Kluwe's release wasn't a complete surprise -- the Vikings drafted another punter late last month. But it's particularly notable because of Kluwe's increasingly high-profile role as an advocate for LGBT rights.
"Regardless of whether they admit it, the Vikings are jettisoning Kluwe partly because they grew tired of his outspokenness," wrote Minneapolis Star-Tribune columnist Chip Scoggins on Sunday. "It's naive to think the move is based solely on his age (31), salary ($1.45 million) or how he performed last season (inconsistently). Kluwe has become the most visible punter in NFL history because of his social activism."
Kluwe told Scoggins that if he were being jettisoned for his outspokenness, he would be fine with that outcome.
"I think the sacrifice would be worth it," he said. "Now, I would hope that I would get the chance to play football again, because I think I can still play. But if it ends up being something that costs me that position, I think making people aware of an issue that is causing children to commit suicide is more important than kicking a leather ball."
"Chris has meant a great deal to the Vikings both on and off the field in his eight seasons here," Vikings General Manager Rick Spielman said Monday in a statement provided to The Huffington Post. "He contributed to many victories and we wish Chris and his family the best and thank him for his contributions to the Vikings organization. Out of respect to Chris, we decided to release him now and allow time for him to sign with another team."
Kluwe's release comes after the Baltimore Ravens released Brendon Ayanbadejo, another prominent gay-rights advocate.

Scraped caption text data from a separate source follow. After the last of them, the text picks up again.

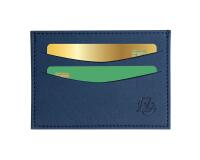 Porte-cartes horizontal avec poches centrales Denim - Bleu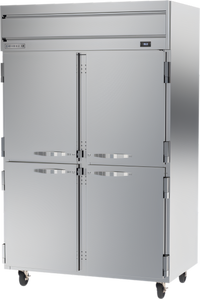 Beverage-Air Horizon Series Two-Section Reach-In Refrigerator with 4 Half Solid Doors, Top-Mount Self-Contained Refrigeration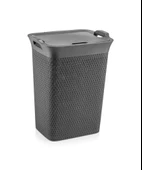 Omnipazar SY-4630 Plastik Safir Kirli Çamaşır Sepeti 55 lt Antrasit - 1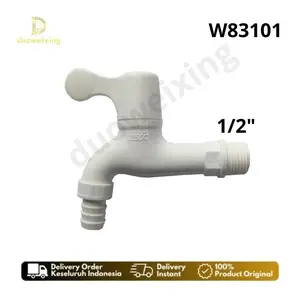 Kran Air/ Keran Mesin Cuci Dapur Wastafel Putih (PVC-U long) W83101 merk Lesso 1/2 inch dn15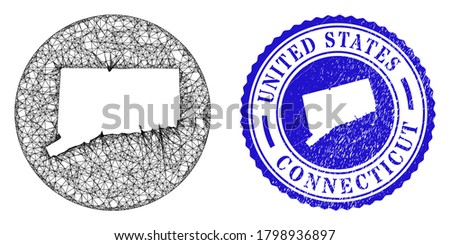 Mesh stencil round Connecticut State map and grunge seal stamp. Connecticut State map is carved in a round stamp seal. Web mesh vector Connecticut State map in a circle.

Both are part of the group Athlete Ally, which works to end homophobia in sports.
Shortly after his release, Ayanbadejo said he believed his advocacy played a role in the Ravens' decision to let him go.
"I make a lot of noise and garner a lot of attention for various things off the football field," he said. "When that starts happening, why do you have that player around?"
Ayanbadejo later walked back those comments, saying he believed his release had more to do with his age and his high salary.
When he came out as gay last week, NBA player Jason Collins publicly acknowledged the important role that Ayanbadejo and Kluwe each had in promoting acceptance of LGBT athletes in the sports world.
"I'm impressed with the straight pro athletes who have spoken up so far -- Chris Kluwe, Brendon Ayanbadejo," Collins wrote in Sports Illustrated. "The more people who speak out, the better, gay or straight."
This story has been updated to include comment from the Minnesota Vikings.